While in Sweden Karl August Svensson built a bridge with sixty men working under him and paid them with cash. He also acted as clerk when some of the families sold their belongings and left for America. (His son Charley said Karl could figure quicker in his head than most men could with a pencil & paper.)
They left Göteborg, Sweden in a sailboat and it took them three weeks to get to Chicago in the Spring of 1869. (note written by my Grandmother Phoebe Swanson Johnson: "My father, C.T. Swanson said that before they left for America his grandmother, Johanna came to say goodbye to them. As she was leaving she kept waving to them and walking backwards. All of a sudden she fell and Carolina said, "Now Mamma fell in the ditch!" Poor dear, she never saw her daughter again. It must have been hard for the parents in those days to part with their children.")
Karl, wife Carolina, Charley- 6, John- 3, and Annie- not quite 1 year old, lived in a little house in the outskirts of Chicago in a town by the name of Crete. Karl and a beeswarm of all nationalities of men dumped dirt with wheelbarrows on a new railroad bed. There was a creek nearby where Karl played with children who found goose and turkey eggs and floated them in the water. Carolina took Charley to school where he got acquainted with other children and quickly learned the English language. In the fall the family left for St. Paul, Minn. They together with several other Swedes, rented a house by the Mississippi River. All the families cooked on the same stove.
During the winter Karl got work clearing for the building of a railroad between St. Paul and Lake Superior. Large trees were chopped down and a road cleared wide enough so two-yoke ox teams could get through with skids holding four tons of provisions, which were piled up on high places along the way about ten to twelve miles apart. The sixty men were supposed to clear one mile each day. They got behind schedule and then they got double pay when they worked over-time. A cooking outfit followed the crew on skids pulled by oxen. The men were given tin plates which the cooks filled up for them. Their fare was mostly dried peas, beans, pork and meat. The men sat on the 4-5 ft. snowdrifts to eat, and sometimes it was so cold they had to keep their mittens on. After work at night they would smoke and talk. When they were ready for bed they would tramp down a place in a snow-drift large enough in which to prepare their bed. Then they would put some evergreen branches into this space and cover the branches with a blanket. This was their bed with another blanket as a cover and a little tent or tepee over it to hold out the snow. They would sleep with their clothes on. Their hair and whiskers would grow long at the camp, and in the morning some of the men were sometimes froze fast to the snow and had to be chopped loose with an ax. They would get so lousy they would have to boil their clothes. One of the men caught a cold and died. Karl was appointed to write and tell his family in the old country and send the money that this man had. It was thought that Karl conducted the funeral services. He was a gifted Christian man. While the way for the railroad was being cleared up toward Lake Superior, the Indians came around by the hundreds. They wanted to buy tobacco. The Indians had snow-shoes that some of the men bought from them. When the men got their pay and left, they had to look out of robbers. Two of the men were robbed. When a company that Karl was in left the camp, the robbers were after them later on a hand car on the track too, but they hid in the woods and outwitted the thieves. They found a man with his hands tied around a tree not as lucky.
Karl wanted to homestead outside of St. Paul where Minneapolis is now located, but Carolina wanted to go to Lansing, IA where her brother, Peter Newberg, worked on a farm. When spring came and the ice on the Mississippi River was gone, the family boarded a steamboat and went to Lansing, IA. Karl's family moved in with another family at Lansing. Peter had a sweetheart, Anna Olson, and they would go to Karl's house for a courting meeting place in the evenings, then they would go out strolling. Anna and Peter soon married. Karl and Carolina, still young, and this newly married couple wanted to homestead.
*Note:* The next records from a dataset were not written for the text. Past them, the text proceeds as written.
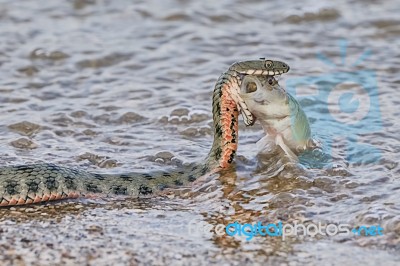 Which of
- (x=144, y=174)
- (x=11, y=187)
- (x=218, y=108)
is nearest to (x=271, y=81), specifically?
(x=218, y=108)

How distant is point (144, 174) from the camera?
22.8 ft

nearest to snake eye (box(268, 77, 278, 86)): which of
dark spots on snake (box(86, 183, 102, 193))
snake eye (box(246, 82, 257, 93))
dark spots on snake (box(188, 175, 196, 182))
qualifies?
snake eye (box(246, 82, 257, 93))

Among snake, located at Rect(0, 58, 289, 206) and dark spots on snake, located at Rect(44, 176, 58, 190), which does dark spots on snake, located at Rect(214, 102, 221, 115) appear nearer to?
snake, located at Rect(0, 58, 289, 206)

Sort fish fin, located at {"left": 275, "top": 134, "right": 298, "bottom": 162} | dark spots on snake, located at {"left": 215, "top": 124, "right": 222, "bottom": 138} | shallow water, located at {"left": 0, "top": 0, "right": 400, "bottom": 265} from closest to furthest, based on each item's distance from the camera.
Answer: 1. shallow water, located at {"left": 0, "top": 0, "right": 400, "bottom": 265}
2. dark spots on snake, located at {"left": 215, "top": 124, "right": 222, "bottom": 138}
3. fish fin, located at {"left": 275, "top": 134, "right": 298, "bottom": 162}

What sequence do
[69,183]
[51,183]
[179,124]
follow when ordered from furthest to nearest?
[179,124], [69,183], [51,183]

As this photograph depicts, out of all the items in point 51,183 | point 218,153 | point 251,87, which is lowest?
point 51,183

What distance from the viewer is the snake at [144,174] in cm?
638

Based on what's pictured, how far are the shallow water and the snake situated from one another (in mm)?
101

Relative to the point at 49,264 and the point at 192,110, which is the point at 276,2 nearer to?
the point at 192,110

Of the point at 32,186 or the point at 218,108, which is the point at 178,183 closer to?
the point at 218,108

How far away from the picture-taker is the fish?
22.2 feet

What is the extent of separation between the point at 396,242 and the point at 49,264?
213 centimetres

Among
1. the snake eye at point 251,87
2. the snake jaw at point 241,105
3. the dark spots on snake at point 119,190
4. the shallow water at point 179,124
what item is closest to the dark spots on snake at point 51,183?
the shallow water at point 179,124

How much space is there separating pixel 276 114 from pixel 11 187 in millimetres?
2082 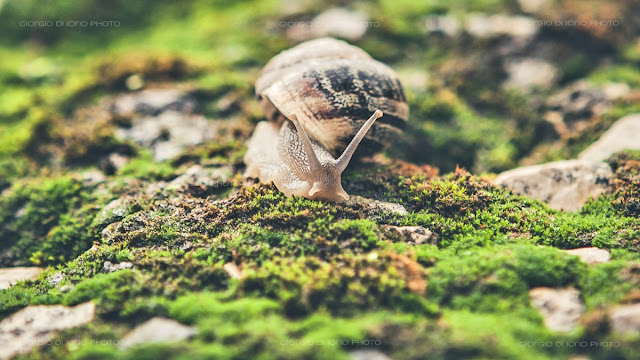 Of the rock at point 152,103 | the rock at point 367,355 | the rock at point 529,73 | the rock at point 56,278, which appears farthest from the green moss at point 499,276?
the rock at point 152,103

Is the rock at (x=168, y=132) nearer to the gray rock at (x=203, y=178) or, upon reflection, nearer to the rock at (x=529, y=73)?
the gray rock at (x=203, y=178)

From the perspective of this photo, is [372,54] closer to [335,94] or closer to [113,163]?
[335,94]

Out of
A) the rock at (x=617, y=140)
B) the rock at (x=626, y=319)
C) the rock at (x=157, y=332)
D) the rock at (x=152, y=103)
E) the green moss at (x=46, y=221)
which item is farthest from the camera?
the rock at (x=152, y=103)

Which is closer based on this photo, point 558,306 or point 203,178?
point 558,306

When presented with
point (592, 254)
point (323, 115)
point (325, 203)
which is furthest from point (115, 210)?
point (592, 254)

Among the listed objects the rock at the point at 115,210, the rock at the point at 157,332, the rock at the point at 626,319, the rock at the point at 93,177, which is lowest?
the rock at the point at 626,319

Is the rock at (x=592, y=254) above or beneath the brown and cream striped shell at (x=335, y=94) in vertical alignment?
beneath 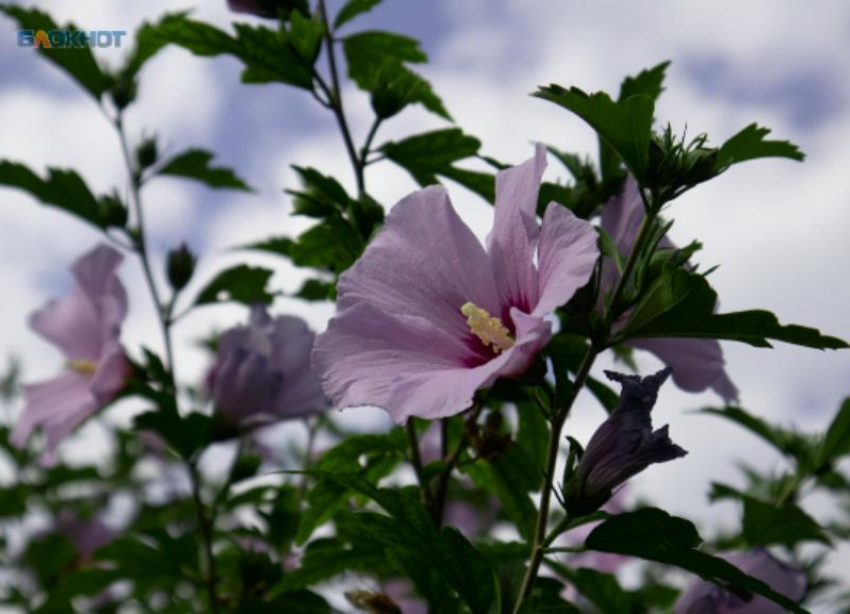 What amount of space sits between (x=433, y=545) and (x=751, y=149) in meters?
0.57

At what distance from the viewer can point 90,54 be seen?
211cm

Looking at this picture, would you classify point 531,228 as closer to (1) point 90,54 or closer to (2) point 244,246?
(2) point 244,246

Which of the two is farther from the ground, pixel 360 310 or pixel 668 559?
pixel 360 310

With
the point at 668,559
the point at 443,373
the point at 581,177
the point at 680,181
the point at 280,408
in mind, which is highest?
the point at 680,181

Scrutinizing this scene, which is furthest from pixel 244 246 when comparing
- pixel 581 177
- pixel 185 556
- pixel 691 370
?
pixel 691 370

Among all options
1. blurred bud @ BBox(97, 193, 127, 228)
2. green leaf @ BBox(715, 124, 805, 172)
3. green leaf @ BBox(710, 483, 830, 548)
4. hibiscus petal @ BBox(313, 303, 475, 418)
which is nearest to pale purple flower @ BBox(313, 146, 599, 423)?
hibiscus petal @ BBox(313, 303, 475, 418)

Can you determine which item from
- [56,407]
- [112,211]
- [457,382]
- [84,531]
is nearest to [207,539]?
[56,407]

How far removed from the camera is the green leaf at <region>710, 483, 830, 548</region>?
1625 millimetres

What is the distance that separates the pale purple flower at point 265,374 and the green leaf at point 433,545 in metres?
0.81

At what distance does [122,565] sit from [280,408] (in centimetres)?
40

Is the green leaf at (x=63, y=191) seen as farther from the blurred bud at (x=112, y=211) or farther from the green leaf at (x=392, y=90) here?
the green leaf at (x=392, y=90)

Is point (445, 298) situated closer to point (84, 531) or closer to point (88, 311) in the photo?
point (88, 311)

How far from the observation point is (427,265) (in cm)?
116

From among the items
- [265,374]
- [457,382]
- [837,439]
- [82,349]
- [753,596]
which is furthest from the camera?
[82,349] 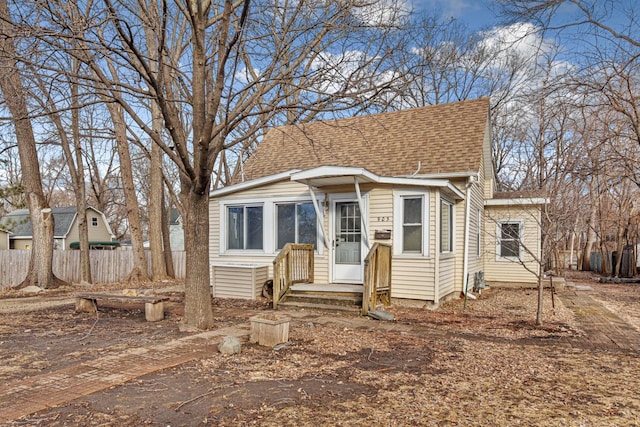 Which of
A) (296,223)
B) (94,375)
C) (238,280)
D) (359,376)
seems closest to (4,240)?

Right: An old tin type photo that identifies Peter (Gustafsson) Newberg on the right and we believe the shorter man on the left is Karl August.

These folks started out westward in a covered wagon in search of a homestead, and each couple had one horse, one cow and two hens. They drove from Lansing across the prairie on through Storm Lake, Buena Vista county, to Sioux City, IA, and into Nebraska. When they had traveled two or three days into Nebraska, they stopped to camp near a creek. They ate and rested. Soon they noticed two covered wagons coming from the west. When the covered wagons came near, the people stopped and listened. They could hear that the camping party talked Swedish. A man climbed down from one of the covered wagons and went over to the camping party. They looked him over and stared. He was their old neighbor from Sweden! It was a joyous reunion. Peter Newberg knew him too. They talked and talked. They didn't drive any farther that day. This neighbor came from the west in Nebraska, and he told them that it was so hot and dry with drought out there, that they were moving away. Then Karl decided not to go further west, as he had intended to go out where this neighbor was. Lucky they met. Karl's party turned around and went back to Sioux City with this neighbor. Here the party separated. This neighbor went east and our party went north. Our relatives never heard what became of this neighbor. Karl bought in Sioux City, a preemption claim, 160 acres of land, nine miles north of now Canton, SD, in Lincoln County, then Dakota Territory in 1870. When he paid for it he had $1.00 left and half a sack of flour. He did not have much in earthly possession but he did have a pioneer's courage, faith in God and a good will.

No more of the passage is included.